Several countries are poised to extend human papillomavirus (HPV) screening intervals from every two to three years to an interval of at least five years, but new data suggests HPV screening programs with long intervals should be implemented with risk stratification.

The study, “Safety of extending screening intervals beyond five years in cervical screening programmes with testing for high risk human papillomavirus: 14 year follow-up of population based randomised cohort in the Netherlands,” was published in The BMJ. The study shows that HPV-negative women have low long-term incidences of high-grade cervical cancer and may be screened at higher intervals, but those who are HPV-positive and tested negative in their cytology should continue being tested at shorter, two- to three-year intervals.

A number of studies have shown that HPV screening leads to earlier detection of cervical intraepithelial neoplasia (CIN) grade 3 or worse, than cytology. CIN is the premalignant transformation of the cervical tissue, meaning that HPV screening leads to a better prevention of cervical cancer than cytology.

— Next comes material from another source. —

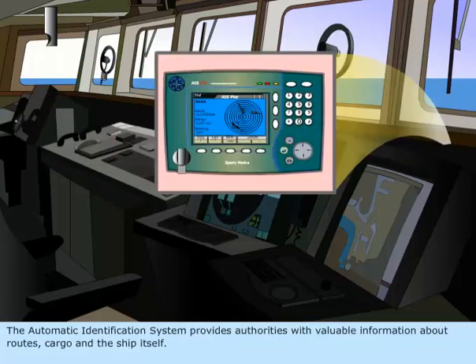The Automatic Identification System provides authorities with valuable information about routes, cargo, and the ship itself.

Currently, women are first tested for HPV. If their test comes back positive, they are then recommended to undergo cytology or be tested for HPV16 and HPV18, the high-risk subtypes. This is a means of preventing over-referral to colposcopy and overuse of biopsies, the authors said.

“The screening program could be further improved by reducing the number of screening rounds,” Maaike G Dijkstra, MD, obstetrics and gynaecology resident from the VU University Medical Centre, in Amsterdam and colleagues wrote.

To address this issue, several countries (Australia, Italy, Netherlands, New Zealand, Sweden, the U.K., and the U.S.) are now preparing to extend the screening intervals from every two to three years, to an interval between five and seven years.  However, clinicians are concerned that the increase in cancer-screening intervals will lead to an increase in the number of cancers appearing during those long periods.

To evaluate the safety of extending the screening interval beyond five years, Dijkstra and her team conducted a 14-year follow-up of 43,339 women included in the POBASCAM trial (ISRCTN20781131), aged 29 to 61, who tested negative for HPV and/or cytology test.

Women were assigned randomly to receive both HPV and cytology testing (intervention), or cytology testing only (control), being screened at baseline, after five years, and after 10 years.

Results revealed the cumulative incidence of cervical cancer (0.09%) and CIN3+ (0.56%) among HPV-negative women in the intervention group after three rounds of screening, were similar to that among women with negative cytology in the control group after two rounds of screening (0.09% and 0.69%, respectively).

Compared to younger women, HPV-negative women at least 40 years old had a 72.2% lower CIN3+ incidence.

Importantly, the researchers found that in HPV-positive women with negative cytology, HPV 16/18 genotyping, or repeat cytology, the incidence of CIN3+ was 10.4 times higher than in HPV-negative women. That suggests HPV-positive women are at higher risk of developing cervical cancer, even if their cytology comes back negative, and should be screened at shorter intervals.

“Long term incidences of cervical cancer and CIN3+ were low among HPV-negative women in this study cohort, and supports an extension of the cervical screening interval beyond five years for women aged 40 years and older,” the researchers wrote.

“HPV-positive women with subsequent negative cytology, HPV16/18 genotyping, and/or repeat cytology have at least a fivefold higher risk of CIN3+ than HPV-negative women, indicating that HPV-based programs with long intervals (greater than five years) should be implemented with risk stratification,” they added.